§ **WHAT TO WORK ON**: The lines from the top of the records below through the one containing "Reasons become excuses whenever you" are to be transcribed exactly, and nothing else is to be added.
********
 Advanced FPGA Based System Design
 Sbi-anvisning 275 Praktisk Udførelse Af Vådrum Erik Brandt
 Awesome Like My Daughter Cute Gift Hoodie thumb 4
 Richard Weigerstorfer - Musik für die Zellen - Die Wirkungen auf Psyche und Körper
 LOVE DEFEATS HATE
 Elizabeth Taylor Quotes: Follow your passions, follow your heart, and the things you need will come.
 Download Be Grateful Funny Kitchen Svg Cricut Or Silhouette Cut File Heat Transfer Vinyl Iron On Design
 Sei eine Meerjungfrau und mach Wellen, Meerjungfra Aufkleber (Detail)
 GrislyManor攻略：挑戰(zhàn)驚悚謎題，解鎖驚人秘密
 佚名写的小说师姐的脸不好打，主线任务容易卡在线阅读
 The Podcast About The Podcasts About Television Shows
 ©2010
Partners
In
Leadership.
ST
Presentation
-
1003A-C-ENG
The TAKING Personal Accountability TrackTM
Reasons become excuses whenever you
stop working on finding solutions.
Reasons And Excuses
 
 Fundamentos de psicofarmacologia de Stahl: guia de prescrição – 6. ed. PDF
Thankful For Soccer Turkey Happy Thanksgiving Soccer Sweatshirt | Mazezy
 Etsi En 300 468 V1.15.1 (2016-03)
********
§ **EXERCISE RESULT**:
 Advanced FPGA Based System Design
 Sbi-anvisning 275 Praktisk Udførelse Af Vådrum Erik Brandt
 Awesome Like My Daughter Cute Gift Hoodie thumb 4
 Richard Weigerstorfer - Musik für die Zellen - Die Wirkungen auf Psyche und Körper
 LOVE DEFEATS HATE
 Elizabeth Taylor Quotes: Follow your passions, follow your heart, and the things you need will come.
 Download Be Grateful Funny Kitchen Svg Cricut Or Silhouette Cut File Heat Transfer Vinyl Iron On Design
 Sei eine Meerjungfrau und mach Wellen, Meerjungfra Aufkleber (Detail)
 GrislyManor攻略：挑戰(zhàn)驚悚謎題，解鎖驚人秘密
 佚名写的小说师姐的脸不好打，主线任务容易卡在线阅读
 The Podcast About The Podcasts About Television Shows
 ©2010
Partners
In
Leadership.
ST
Presentation
-
1003A-C-ENG
The TAKING Personal Accountability TrackTM
Reasons become excuses whenever you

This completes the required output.